R v Ngwenya (87 of 2009) [2009] SZHC 110 (25 March 2009)


IN THE HIGH COURT OF SWAZILAND HELD AT MBABANE


REVIEW CASE NO.87 OF 2009 District Record No. MP 31 of 2009

In the matter between:

THE KING

VERSUS

SIBUSISO MACOCOMA NGWENYA


Date of consideration: 24 March, 2009 Date of order: 25 March, 2009



JUDGMENT ON REVIEW


MASUKU J.

[1] The accused was arraigned before the Manzini Magistrates Court charged with two counts of assault with intent to cause grievous bodily harm and contempt of Court. He pleaded guilty to both counts and was upon his said guilty pleas convicted and sentenced to a fine of

E900.00 and in default to 9 months' imprisonment on the first count. On the second count, he was sentenced to a fine of E500.00 and in default, to imprisonment for a period of 5 months' imprisonment. Both sentences were ordered to run consecutively.

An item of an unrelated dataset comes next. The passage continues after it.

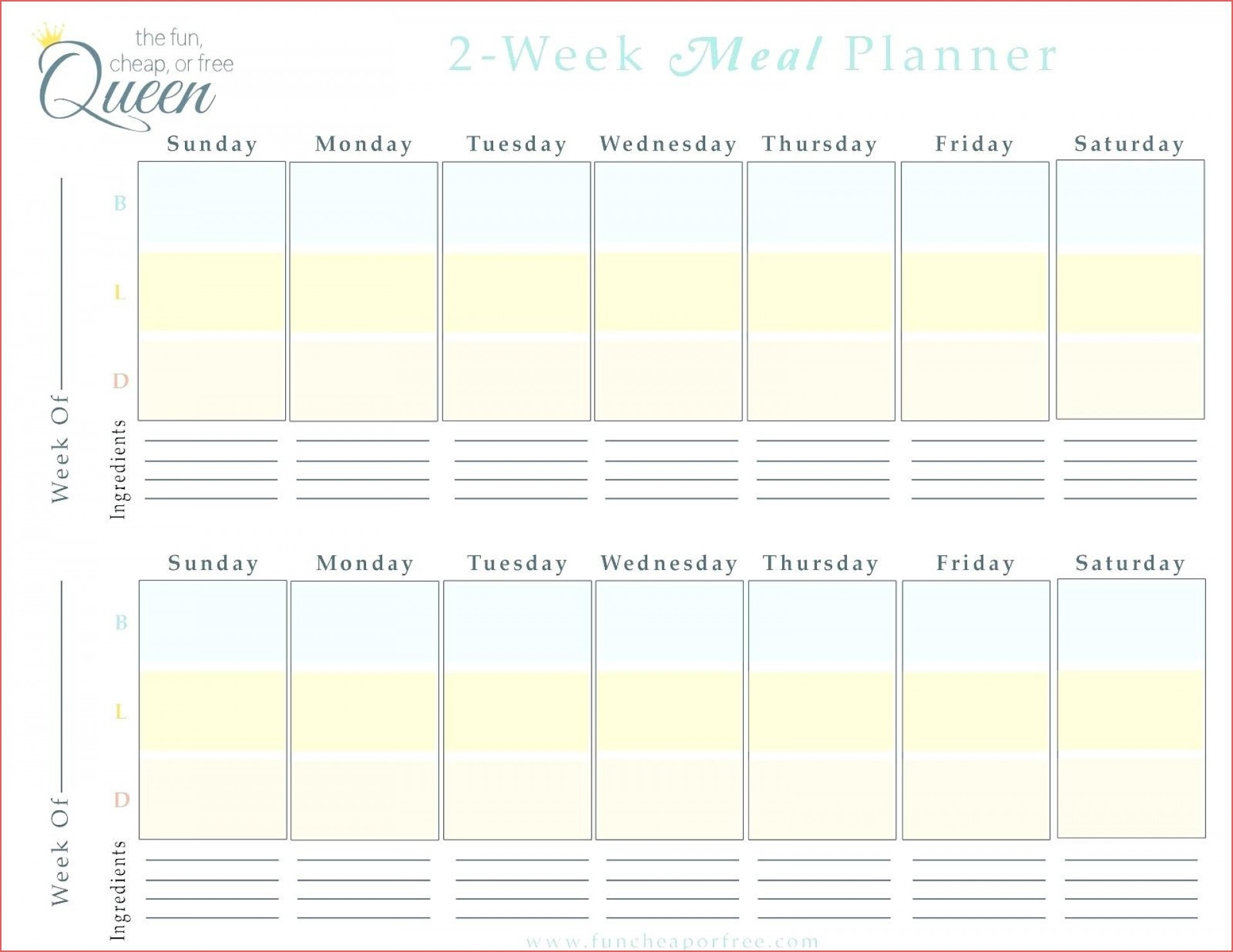 Two Week Calendar Template Google Docs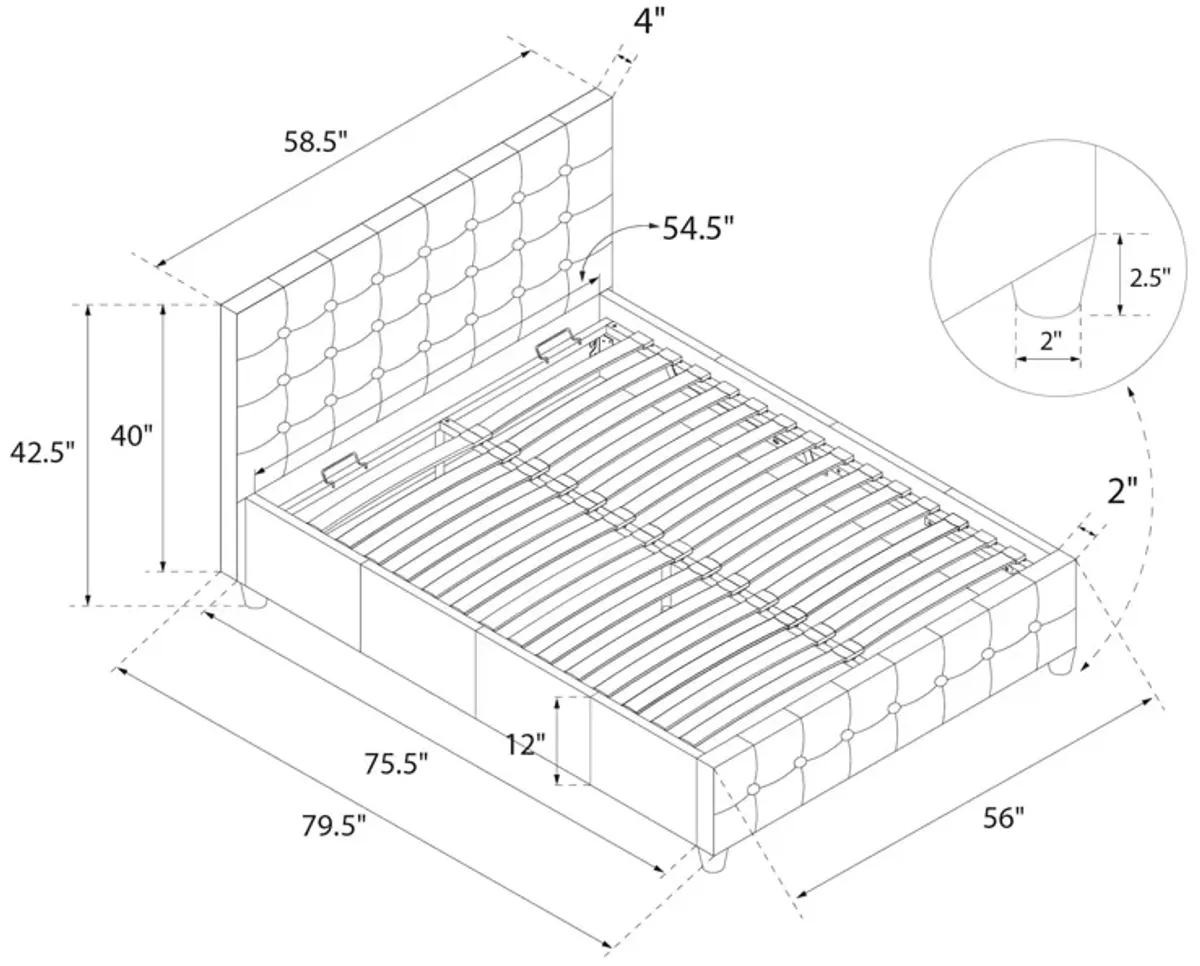 Cambridge Upholstered Bed with Gas Lift Storage Compartment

[2] No evidence was led by the prosecution in proof of the charges, including evidence, proving commission of the offences in question, an issue I have had occasion to comment adversely about previously. I maintain my views in that regard.



[3] What does, however raise spasms of disquiet for present purposes, is the conviction of the accused person on the second count on the basis of his own guilty plea. The charge sheet alleged that on 16 October, 2008, the accused, despite being duly served or ordered to do so, failed to appear before Court, thereby wrongfully, unlawfully and intentionally violating the dignity, repute or authority of the Court. (Emphasis added).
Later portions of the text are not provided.